→ **Information provided**
=-=-=
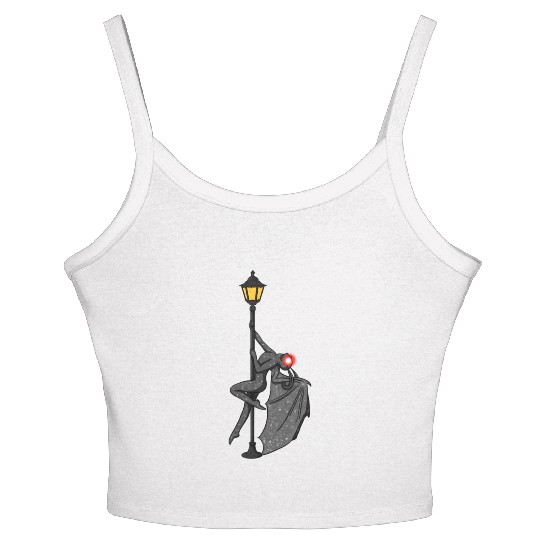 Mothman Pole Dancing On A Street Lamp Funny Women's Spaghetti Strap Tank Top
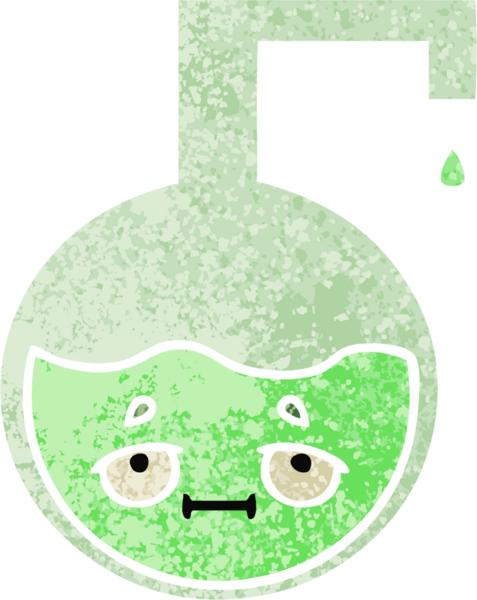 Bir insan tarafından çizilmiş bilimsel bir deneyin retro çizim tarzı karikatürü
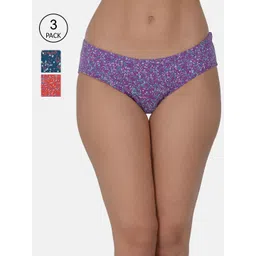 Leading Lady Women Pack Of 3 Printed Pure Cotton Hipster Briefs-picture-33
=-=-=
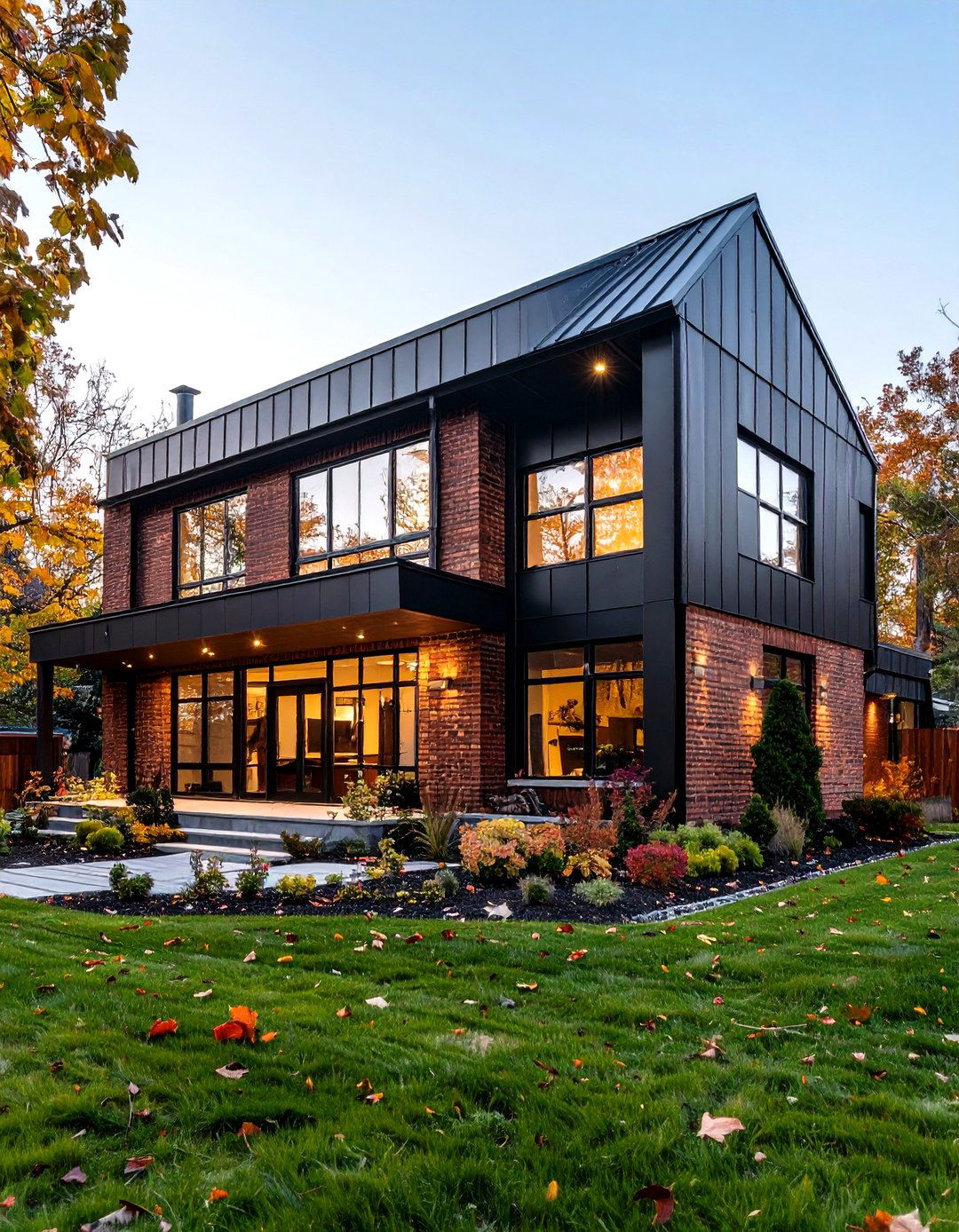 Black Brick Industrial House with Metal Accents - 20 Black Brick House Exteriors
=-=-=
→ **What you will do**
From the records above, return exactly the lines running from the one that contains "Mothman Pole Dancing" down to the one that contains "Leading Lady Women", both included, without any pictures.

→ **Written response**
 Mothman Pole Dancing On A Street Lamp Funny Women's Spaghetti Strap Tank Top
 Bir insan tarafından çizilmiş bilimsel bir deneyin retro çizim tarzı karikatürü
 Leading Lady Women Pack Of 3 Printed Pure Cotton Hipster Briefs-picture-33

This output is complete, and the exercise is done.